The opening line isn’t about just any first weekend in December. For a generation of Americans, it is the weekend in December which she is describing; the only opening week of that tumultuous month which most will ever remember. This is the weekend on which a force of Japanese planes attacked Pearl Harbor, sinking multiple ships, killing thousands and drawing America into World War II. Even more so than most Americans, Japanese-American are likely to recall that momentous week in 1941 for it drew them into two different wars: the one against the Japanese and the one shortly to be conducted against them by the United States government.
The house we lived in was nothing more than a shack, a barracks with single plank walls and rough wooden floors, like the cheapest kind of migrant workers’ housing.
Due to suspicion of conflicting loyalties, many Japanese-Americans were uprooted from their homes—their very lives—and forced to live in internment camps.

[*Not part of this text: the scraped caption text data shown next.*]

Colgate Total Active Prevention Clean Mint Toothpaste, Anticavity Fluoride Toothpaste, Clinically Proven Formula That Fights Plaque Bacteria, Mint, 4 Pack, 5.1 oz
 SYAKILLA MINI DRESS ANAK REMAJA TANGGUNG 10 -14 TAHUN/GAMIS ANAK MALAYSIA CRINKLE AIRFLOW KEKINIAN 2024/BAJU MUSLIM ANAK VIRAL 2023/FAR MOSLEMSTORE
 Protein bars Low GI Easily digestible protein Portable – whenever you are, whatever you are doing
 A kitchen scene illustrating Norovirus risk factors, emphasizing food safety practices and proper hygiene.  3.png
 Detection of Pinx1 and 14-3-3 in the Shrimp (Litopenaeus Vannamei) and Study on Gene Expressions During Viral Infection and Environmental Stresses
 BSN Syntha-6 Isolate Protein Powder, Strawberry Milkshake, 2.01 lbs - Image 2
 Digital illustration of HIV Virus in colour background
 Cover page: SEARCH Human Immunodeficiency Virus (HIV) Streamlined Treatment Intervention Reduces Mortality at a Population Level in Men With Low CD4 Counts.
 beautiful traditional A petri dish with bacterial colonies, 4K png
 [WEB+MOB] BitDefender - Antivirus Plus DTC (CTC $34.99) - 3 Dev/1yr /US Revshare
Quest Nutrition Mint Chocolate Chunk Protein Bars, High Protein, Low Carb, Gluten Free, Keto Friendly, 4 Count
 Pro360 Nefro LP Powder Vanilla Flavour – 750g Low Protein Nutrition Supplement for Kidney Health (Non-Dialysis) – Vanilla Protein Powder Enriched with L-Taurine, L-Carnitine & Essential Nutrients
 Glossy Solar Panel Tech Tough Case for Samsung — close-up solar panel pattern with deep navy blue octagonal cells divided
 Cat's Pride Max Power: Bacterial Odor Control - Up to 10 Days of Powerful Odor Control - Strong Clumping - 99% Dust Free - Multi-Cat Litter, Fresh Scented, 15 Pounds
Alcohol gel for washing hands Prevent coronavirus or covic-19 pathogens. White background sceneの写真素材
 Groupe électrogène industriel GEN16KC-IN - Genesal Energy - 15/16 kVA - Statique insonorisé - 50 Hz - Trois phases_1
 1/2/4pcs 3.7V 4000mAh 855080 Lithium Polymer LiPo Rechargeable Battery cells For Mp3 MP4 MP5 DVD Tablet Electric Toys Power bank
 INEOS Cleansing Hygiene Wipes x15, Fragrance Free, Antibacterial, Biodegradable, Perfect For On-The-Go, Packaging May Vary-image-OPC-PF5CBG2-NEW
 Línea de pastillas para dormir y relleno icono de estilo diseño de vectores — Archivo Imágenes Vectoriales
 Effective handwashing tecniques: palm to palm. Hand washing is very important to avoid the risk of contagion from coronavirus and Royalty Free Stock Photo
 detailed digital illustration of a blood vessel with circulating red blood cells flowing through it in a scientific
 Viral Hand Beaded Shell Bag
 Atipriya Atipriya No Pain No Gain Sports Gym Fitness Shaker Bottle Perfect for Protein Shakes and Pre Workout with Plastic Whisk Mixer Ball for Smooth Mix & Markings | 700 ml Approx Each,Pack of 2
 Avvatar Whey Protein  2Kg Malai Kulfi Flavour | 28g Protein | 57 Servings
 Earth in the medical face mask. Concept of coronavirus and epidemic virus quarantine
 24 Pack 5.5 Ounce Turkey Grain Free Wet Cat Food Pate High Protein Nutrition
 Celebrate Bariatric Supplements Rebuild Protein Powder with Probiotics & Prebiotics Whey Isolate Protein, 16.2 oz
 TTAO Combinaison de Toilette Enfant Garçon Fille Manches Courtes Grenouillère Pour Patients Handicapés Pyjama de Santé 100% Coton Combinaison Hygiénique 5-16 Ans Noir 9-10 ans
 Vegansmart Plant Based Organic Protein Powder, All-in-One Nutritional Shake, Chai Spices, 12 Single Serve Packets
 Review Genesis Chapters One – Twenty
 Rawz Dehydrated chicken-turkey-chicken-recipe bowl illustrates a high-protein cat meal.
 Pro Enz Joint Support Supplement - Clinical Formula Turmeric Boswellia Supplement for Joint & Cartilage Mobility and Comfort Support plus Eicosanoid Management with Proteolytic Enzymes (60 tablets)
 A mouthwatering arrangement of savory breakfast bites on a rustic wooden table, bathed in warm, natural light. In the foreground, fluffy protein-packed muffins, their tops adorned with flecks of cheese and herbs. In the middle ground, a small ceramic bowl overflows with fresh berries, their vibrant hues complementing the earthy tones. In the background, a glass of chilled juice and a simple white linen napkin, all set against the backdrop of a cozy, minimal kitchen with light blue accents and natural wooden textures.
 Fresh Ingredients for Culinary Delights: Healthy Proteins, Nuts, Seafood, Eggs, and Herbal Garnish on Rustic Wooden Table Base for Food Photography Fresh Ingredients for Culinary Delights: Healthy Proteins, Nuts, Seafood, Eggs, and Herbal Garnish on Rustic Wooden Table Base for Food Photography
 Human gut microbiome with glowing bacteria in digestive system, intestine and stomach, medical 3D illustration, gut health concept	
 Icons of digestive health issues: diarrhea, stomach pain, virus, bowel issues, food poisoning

Notably, however, the same was not require of German-Americans even though the country had also declared on that country in the fight against Hitler. What the narrator is describing here are the living conditions that these people—law-abiding citizens or legal residents of the United States who had committed absolutely no crime nor done anything to generate plausible suspicion that they might be agents of Japan working at odds with the American war policies.
"When your mother and your father are having a fight do you want them to kill each other? Or do you just want them to stop fighting?”
Which is not to suggest that those in the internment camps who were the first generation to immigrate to America did not feel a sense of loyalty to their homeland. At one point, the narrator’s father is directly confronted with the question of which side he hopes will emerge victorious when the war ends: Japan or American; his native country or his adopted country. It is, of course, a distinctly unfair question and is more indicative of what the questioner wants to think than anything else. Mr. Wakatsuki differs in his response from many others in his situation who know well enough that the question is being asked to get a specific response. The response the narrator’s father provides is not only more honest, perhaps, but indicative of the betrayal he feels at even being asked.
I see a young, beautifully blond and blue-eyed high school girl moving through a room full of others her own age, much admired by everyone, men and women both, myself included, as I watch through a window. I feel no malice toward this girl. I don’t envy her. Watching, I am simply emptied...
This quote occurs toward the end of the book as the narrator, now grown, reflects upon her experiences in the internment camp and the process of attempting to assimilate back into normalcy after the war. Except, it is not an actual memory itself, this vision of watching the beautiful blond girl. What she is describing here is an image from a recurring dream. The empty feeling—or rather the feeling of being emptied—is expressed in the dream through inaction: she desperately wants to cry out in some way; to express the reasoning behind that emptiness, but even that is denied her. And what is it that she tries, but fails to cry out even in her dream? The realization engendered by her horrific experience that this girl who is a visual representation of her physical opposite is also something much greater: “she is something I can never be, some possibility in my life that can never be fulfilled.”